══ Data for review ══

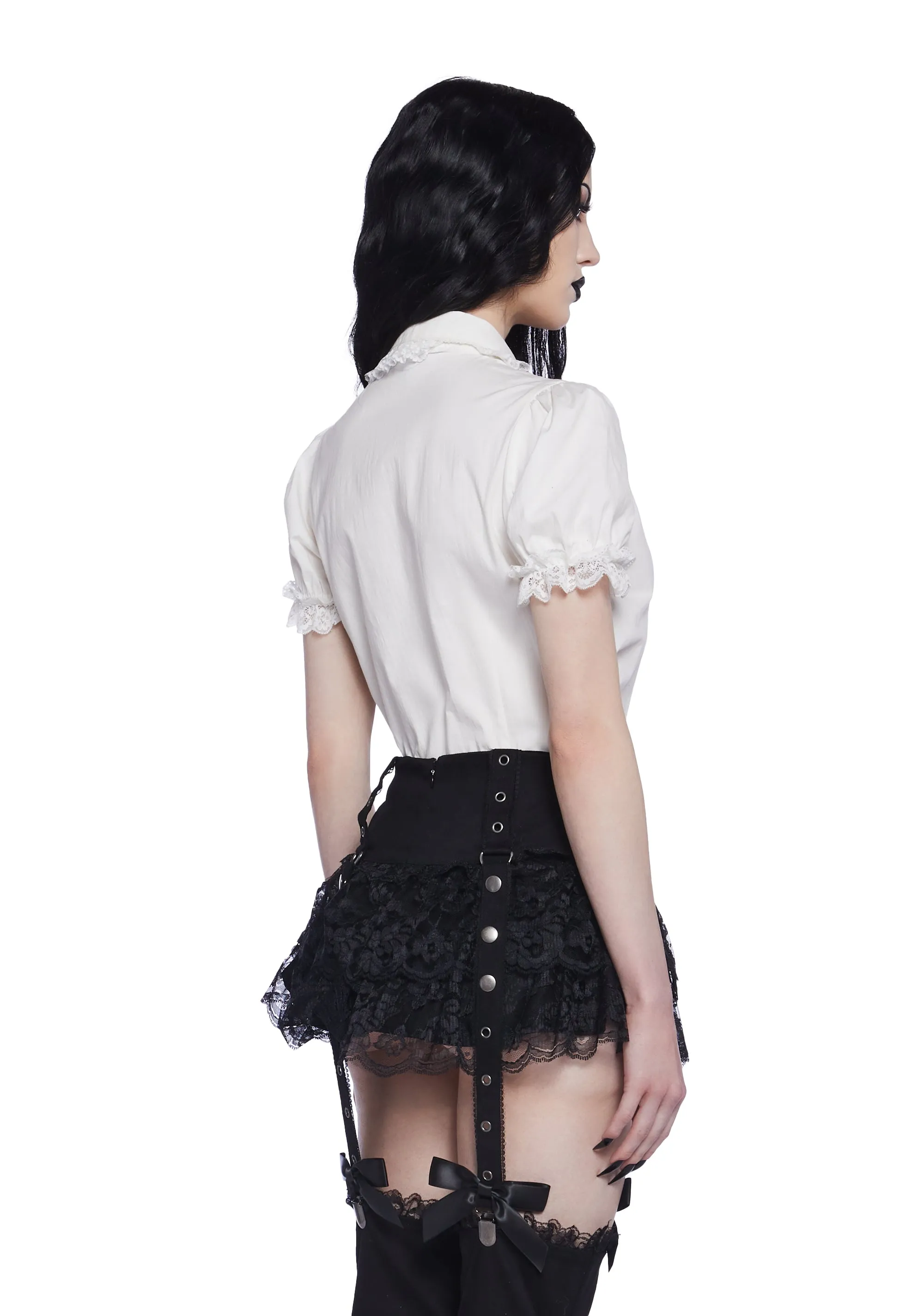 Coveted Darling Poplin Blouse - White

═══
══ Data for review ══

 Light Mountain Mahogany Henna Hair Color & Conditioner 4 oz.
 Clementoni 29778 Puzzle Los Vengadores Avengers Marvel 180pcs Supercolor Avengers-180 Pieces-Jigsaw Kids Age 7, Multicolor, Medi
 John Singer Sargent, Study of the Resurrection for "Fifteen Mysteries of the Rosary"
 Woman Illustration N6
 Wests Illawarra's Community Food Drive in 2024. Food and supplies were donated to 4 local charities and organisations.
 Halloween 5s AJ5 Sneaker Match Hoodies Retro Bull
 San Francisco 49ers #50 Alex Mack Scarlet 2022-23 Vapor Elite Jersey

═══

Exercise: Of the entries above, repeat exactly the lines between the line with "John Singer Sargent, Study" and the line with "Halloween 5s AJ5", inclusive, and no others.

Response to this task:
 John Singer Sargent, Study of the Resurrection for "Fifteen Mysteries of the Rosary"
 Woman Illustration N6
 Wests Illawarra's Community Food Drive in 2024. Food and supplies were donated to 4 local charities and organisations.
 Halloween 5s AJ5 Sneaker Match Hoodies Retro Bull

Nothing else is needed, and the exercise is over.